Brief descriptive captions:

---

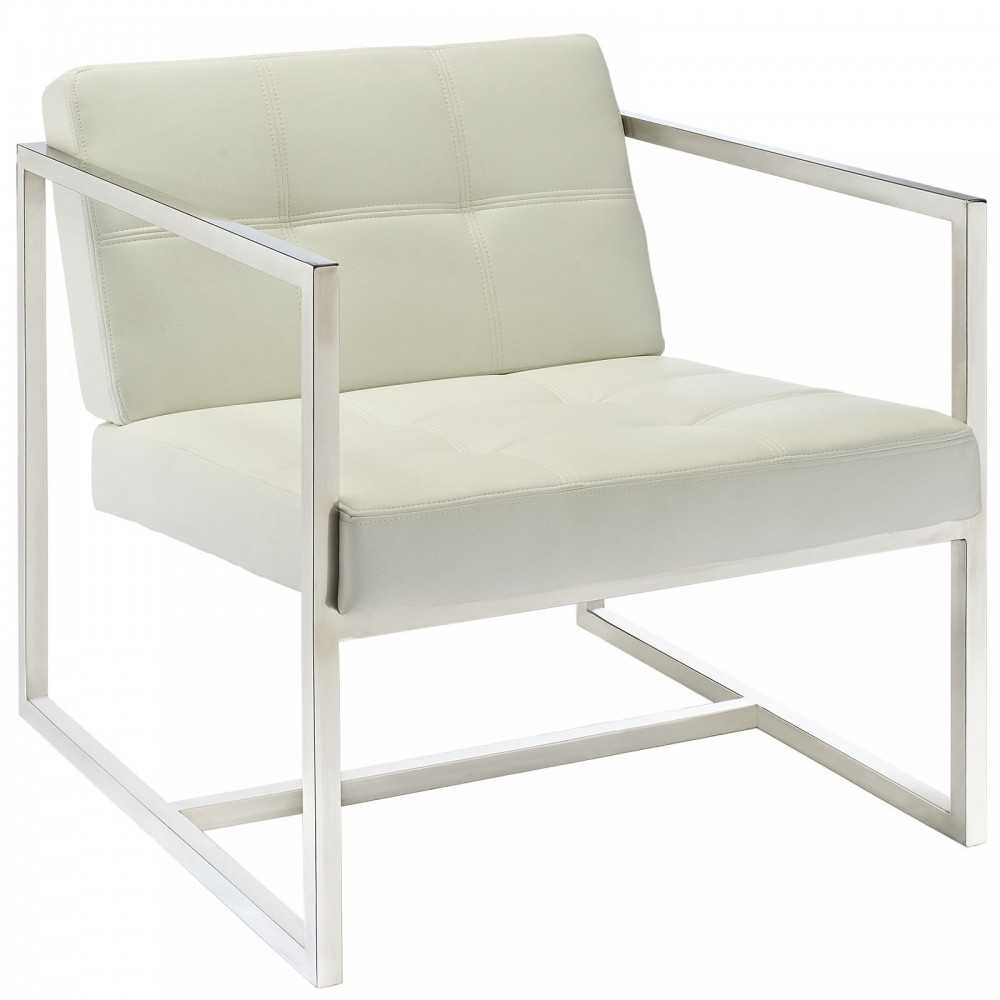 Hover Upholstered Vinyl Lounge Chair, White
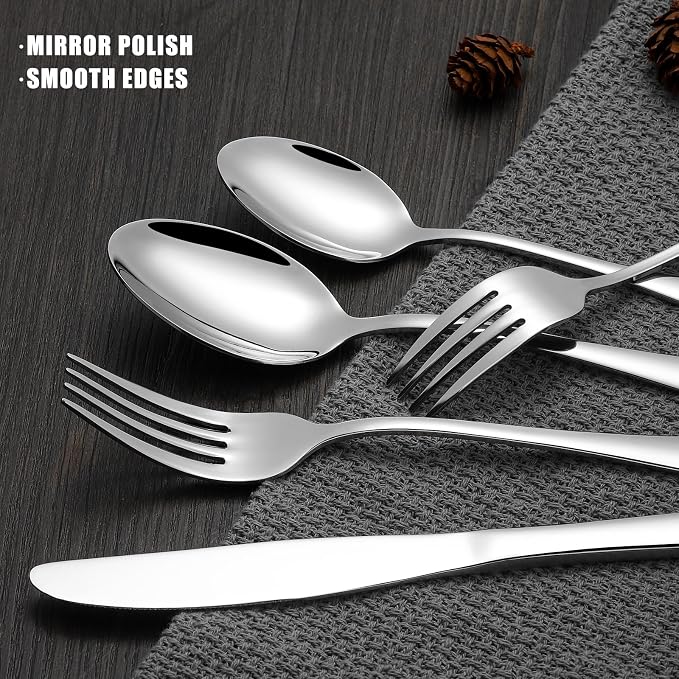 Compralo Silverware Set for 12, Stainless Steel 60 Piece Flatware Set | Mirror - Image 5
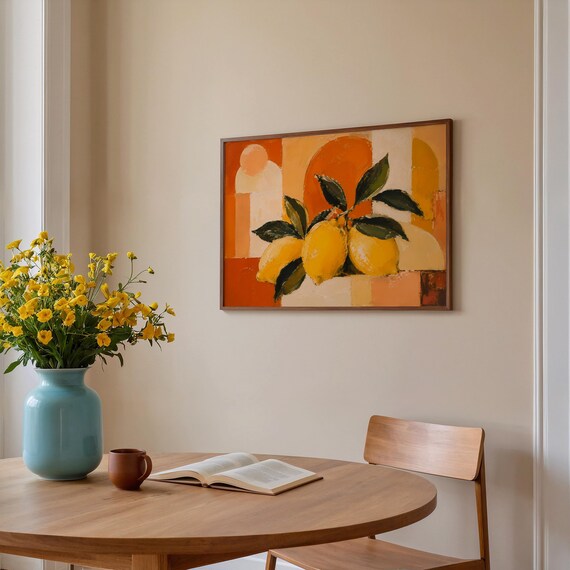Yellow Lemons On Branch Mediterranean Citrus Modern Fruit Art Poster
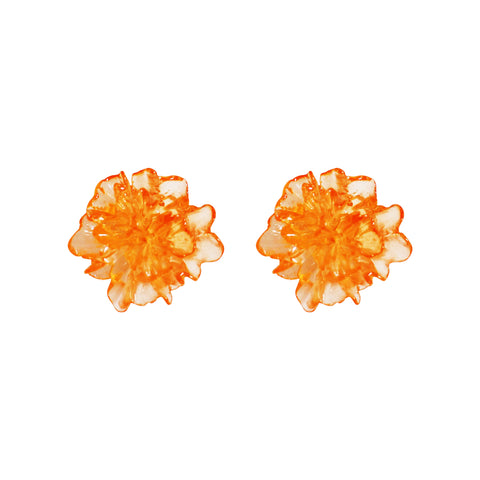 Orange Large Flower Invisible Clip On Stud Earrings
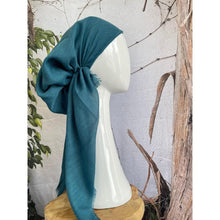 Turkish Cotton Textured Pretied w/ Long Tails - Marine Teal-pretieds-The Little Tichel Lady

---

> [Task requirements]: In the copy, include exactly the lines from the one containing "Yellow Lemons On" through the last line of the records, and no pictures or other text.

> [Answer for this exercise]:
Yellow Lemons On Branch Mediterranean Citrus Modern Fruit Art Poster
 Orange Large Flower Invisible Clip On Stud Earrings
 Turkish Cotton Textured Pretied w/ Long Tails - Marine Teal-pretieds-The Little Tichel Lady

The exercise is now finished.